> [EXERCISE REQUIREMENTS]:
Exactly reproduce the lines of the listing below from the one containing "The measurement can" through the one containing "To edit patient". Skip the images.

> [THE INPUT]:

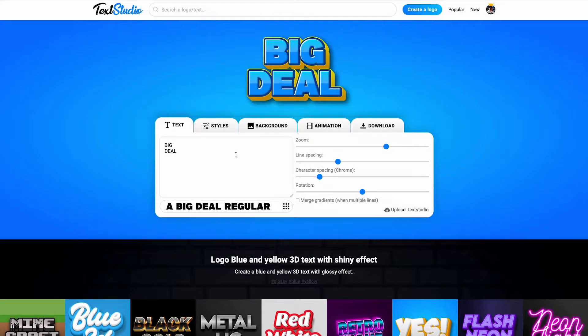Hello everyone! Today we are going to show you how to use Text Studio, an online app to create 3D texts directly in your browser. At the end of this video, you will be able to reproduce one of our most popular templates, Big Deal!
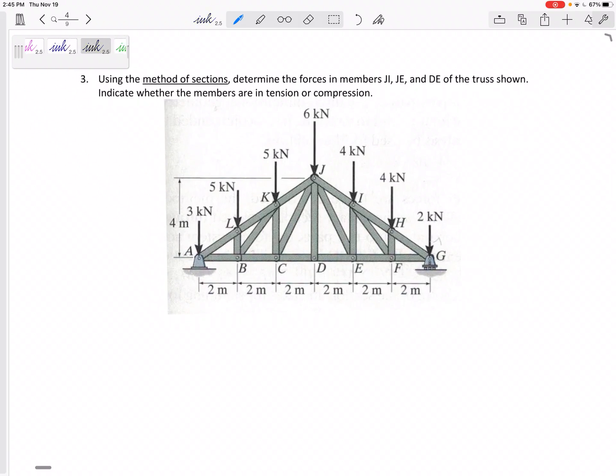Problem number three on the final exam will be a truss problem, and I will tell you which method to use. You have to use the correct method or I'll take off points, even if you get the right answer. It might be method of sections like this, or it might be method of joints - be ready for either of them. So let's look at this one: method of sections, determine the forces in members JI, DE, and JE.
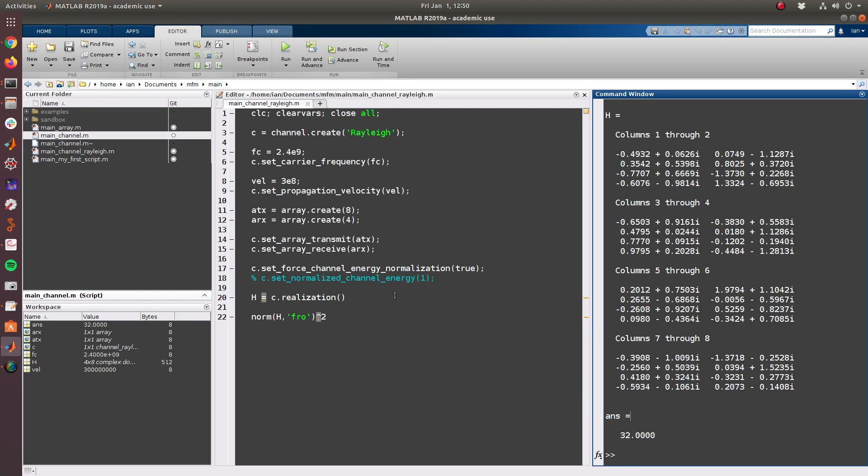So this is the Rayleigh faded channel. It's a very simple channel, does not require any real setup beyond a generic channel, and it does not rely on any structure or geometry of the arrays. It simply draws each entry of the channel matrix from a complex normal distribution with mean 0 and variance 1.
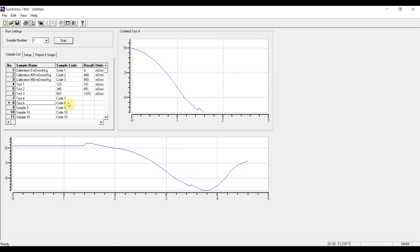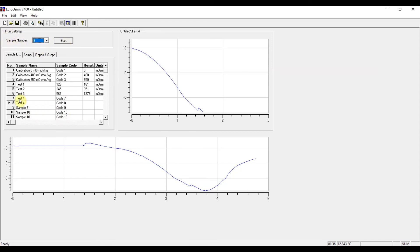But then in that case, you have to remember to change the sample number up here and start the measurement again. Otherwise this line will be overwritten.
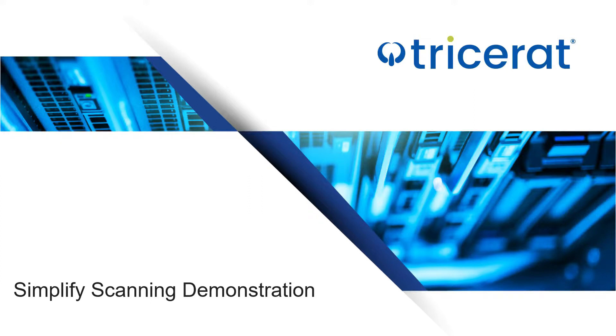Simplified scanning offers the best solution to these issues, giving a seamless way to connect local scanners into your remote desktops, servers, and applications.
---
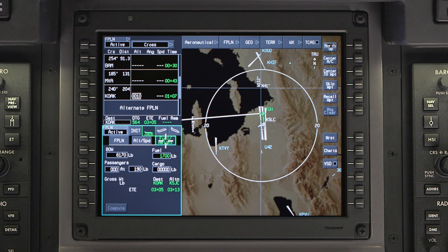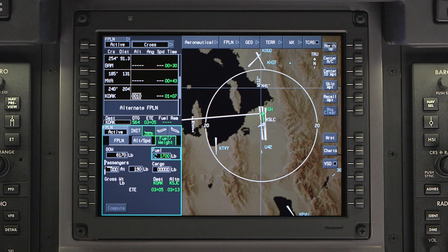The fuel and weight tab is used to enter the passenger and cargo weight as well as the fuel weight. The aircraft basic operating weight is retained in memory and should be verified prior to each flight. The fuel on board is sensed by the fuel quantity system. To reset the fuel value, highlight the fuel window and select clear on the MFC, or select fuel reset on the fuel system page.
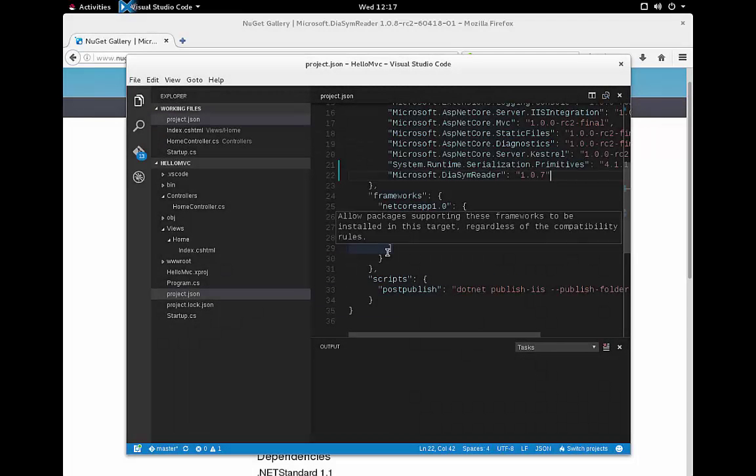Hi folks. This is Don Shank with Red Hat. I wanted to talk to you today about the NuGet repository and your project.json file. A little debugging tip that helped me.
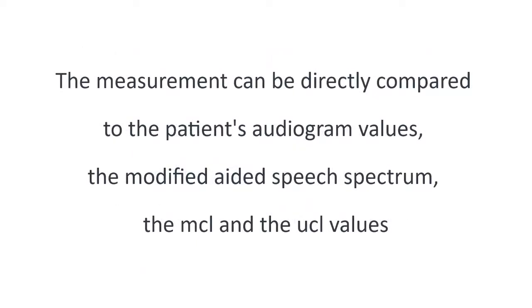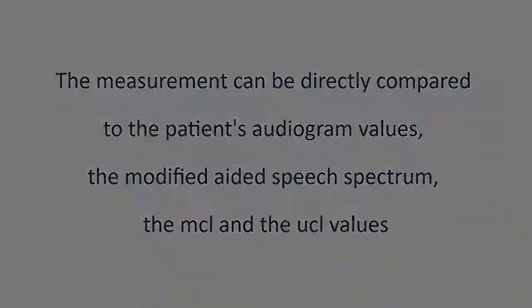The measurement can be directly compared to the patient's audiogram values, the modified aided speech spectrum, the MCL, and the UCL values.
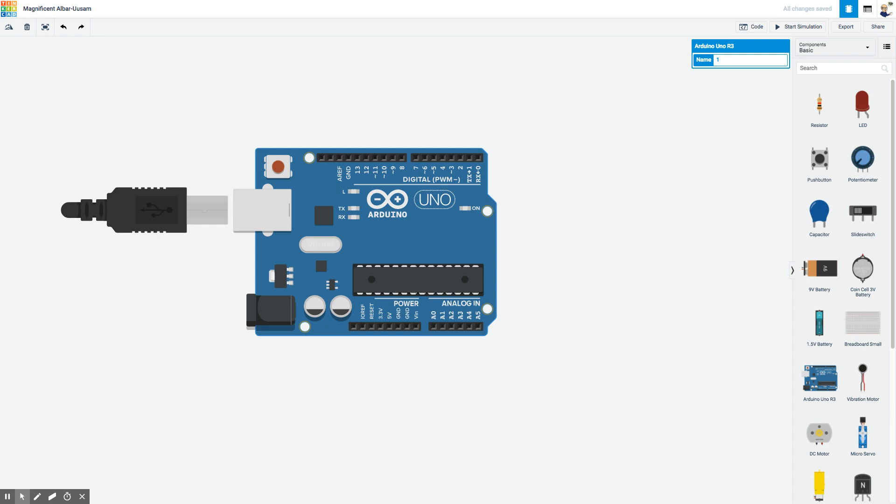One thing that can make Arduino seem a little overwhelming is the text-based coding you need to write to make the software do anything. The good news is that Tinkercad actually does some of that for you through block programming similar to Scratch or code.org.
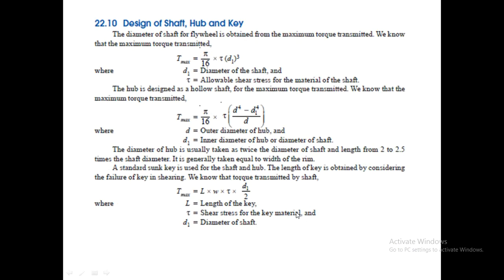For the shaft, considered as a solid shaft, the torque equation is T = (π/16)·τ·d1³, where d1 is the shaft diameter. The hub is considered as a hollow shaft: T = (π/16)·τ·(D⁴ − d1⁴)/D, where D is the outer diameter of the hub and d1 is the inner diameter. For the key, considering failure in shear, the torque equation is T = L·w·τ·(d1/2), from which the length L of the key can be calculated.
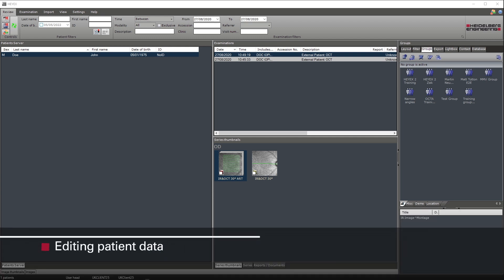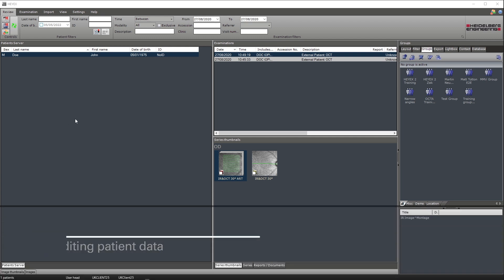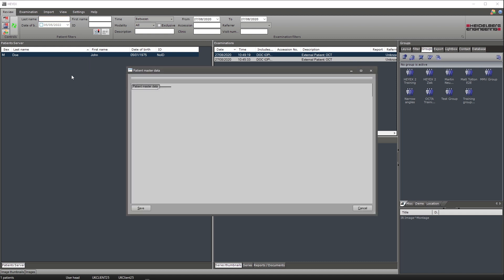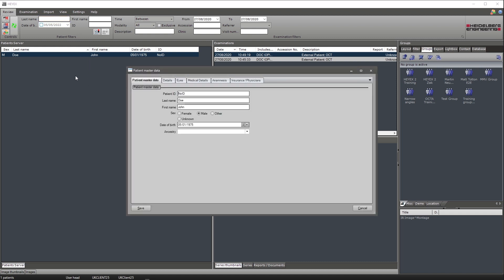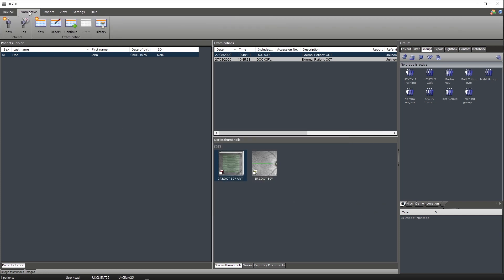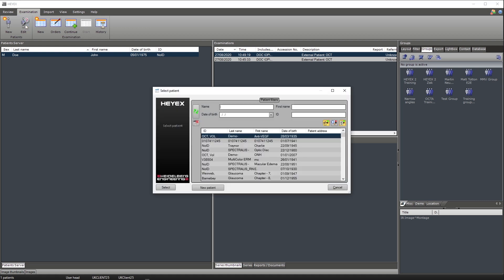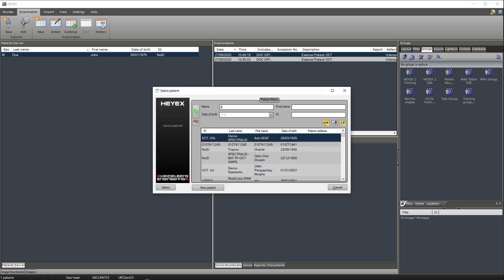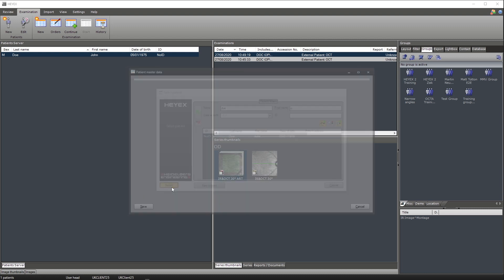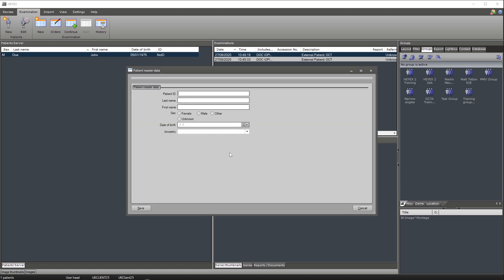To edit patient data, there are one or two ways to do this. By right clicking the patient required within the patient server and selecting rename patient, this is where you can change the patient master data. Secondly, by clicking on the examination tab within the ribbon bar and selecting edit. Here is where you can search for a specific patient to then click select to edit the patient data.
--
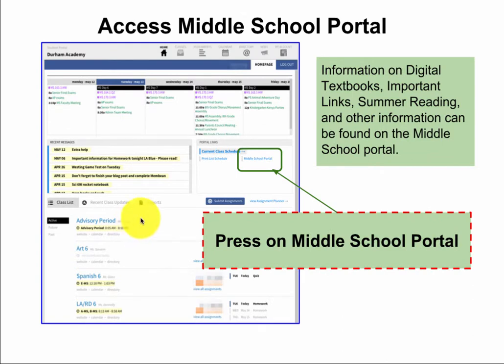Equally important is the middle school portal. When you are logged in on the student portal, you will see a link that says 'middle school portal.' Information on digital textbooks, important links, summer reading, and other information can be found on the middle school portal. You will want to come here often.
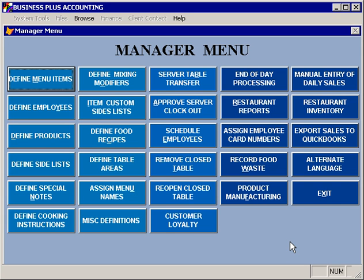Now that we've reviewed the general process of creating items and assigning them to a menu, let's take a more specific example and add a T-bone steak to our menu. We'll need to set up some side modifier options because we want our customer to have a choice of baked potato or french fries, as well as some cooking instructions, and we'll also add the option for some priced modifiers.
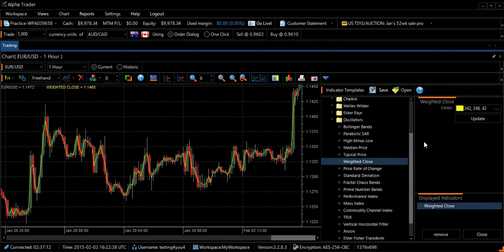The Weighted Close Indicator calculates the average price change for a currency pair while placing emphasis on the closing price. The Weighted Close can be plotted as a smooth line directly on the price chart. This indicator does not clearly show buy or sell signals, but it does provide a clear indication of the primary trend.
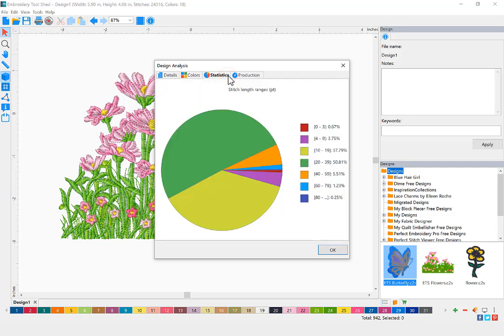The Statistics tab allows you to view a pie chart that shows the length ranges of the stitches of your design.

> [EXERCISE OUTPUT]:
The measurement can be directly compared to the patient's audiogram values, the modified aided speech spectrum, the MCL, and the UCL values.
One thing that can make Arduino seem a little overwhelming is the text-based coding you need to write to make the software do anything. The good news is that Tinkercad actually does some of that for you through block programming similar to Scratch or code.org.
For the shaft, considered as a solid shaft, the torque equation is T = (π/16)·τ·d1³, where d1 is the shaft diameter. The hub is considered as a hollow shaft: T = (π/16)·τ·(D⁴ − d1⁴)/D, where D is the outer diameter of the hub and d1 is the inner diameter. For the key, considering failure in shear, the torque equation is T = L·w·τ·(d1/2), from which the length L of the key can be calculated.
To edit patient data, there are one or two ways to do this. By right clicking the patient required within the patient server and selecting rename patient, this is where you can change the patient master data. Secondly, by clicking on the examination tab within the ribbon bar and selecting edit. Here is where you can search for a specific patient to then click select to edit the patient data.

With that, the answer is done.